Port Forwarding (Non-Root Usage)
Standard TFTP uses port 69. However, binding to ports below 1024 requires root privileges. The driver defaults to port 3069 to allow running as a standard user.
Since U-Boot often defaults to port 69, you must configure a port redirection rule on the host machine using iptables to forward traffic from port 69 to 3069.
Setup (Run once on Host):
# Redirect UDP port 69 to 3069
sudo iptables -t nat -A PREROUTING -p udp --dport 69 -j REDIRECT --to-port 3069
Cleanup (To remove the rule):
sudo iptables -t nat -D PREROUTING -p udp --dport 69 -j REDIRECT --to-port 3069
Methods
tftp = target.get_driver("TFTPServerDriver")
target.activate(tftp) # Starts the server thread
# The server runs in the background serving files from the configured 'root' directory.
# It handles RRQ (Read Request) operations compliant with RFC 1350.
target.deactivate(tftp) # Stops the server thread
Usage Example
Used within the BootFPGASoCTFTP strategy to serve boot files:
strategy = target.get_driver("BootFPGASoCTFTP")
# The strategy automatically:
# 1. Activates the TFTPServerDriver
# 2. Configures U-Boot environment (serverip, tftpport)
# 3. Copies necessary files (Image, system.dtb) to the TFTP root
# 4. Triggers the TFTP boot command on the target
strategy.transition("booted")
Troubleshooting
Permission Denied (Bind): Ensure you are not trying to bind to port 69 directly without root. Use port 3069 and iptables.

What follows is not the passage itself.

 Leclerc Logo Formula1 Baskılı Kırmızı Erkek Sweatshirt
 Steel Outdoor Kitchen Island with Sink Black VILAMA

Timeout: Check firewall settings (
ufw). Ensure the target can ping the host IP.File Not Found: Verify the file exists in the
rootdirectory specified in configuration.
Power Control Drivers¶
VesyncPowerDriver¶
Purpose: Control devices via VeSync smart outlets (WiFi-based network power switches)
Required Resource: VesyncOutlet
Bindings: Implements PowerProtocol and PowerResetMixin
Configuration
targets:
test_device:
resources:
VesyncOutlet:
outlet_names: 'My Test Device,Lab Bench Power'
username: 'your_email@example.com'
password: 'your_password'
delay: 5.0 # Seconds to wait between off/on during cycle
drivers:
VesyncPowerDriver: {}
Key Parameters
outlet_names (required): Comma-separated list of outlet device names as they appear in VeSync mobile app
username (required): VeSync account email address
password (required): VeSync account password
delay (default=5.0): Delay in seconds between power off and on during reset/cycle
Methods
power = target.get_driver("VesyncPowerDriver")
target.activate(power)
# Basic control
power.on() # Turn on all configured outlets
power.off() # Turn off all outlets
power.cycle() # Power cycle: off → wait → on (uses delay parameter)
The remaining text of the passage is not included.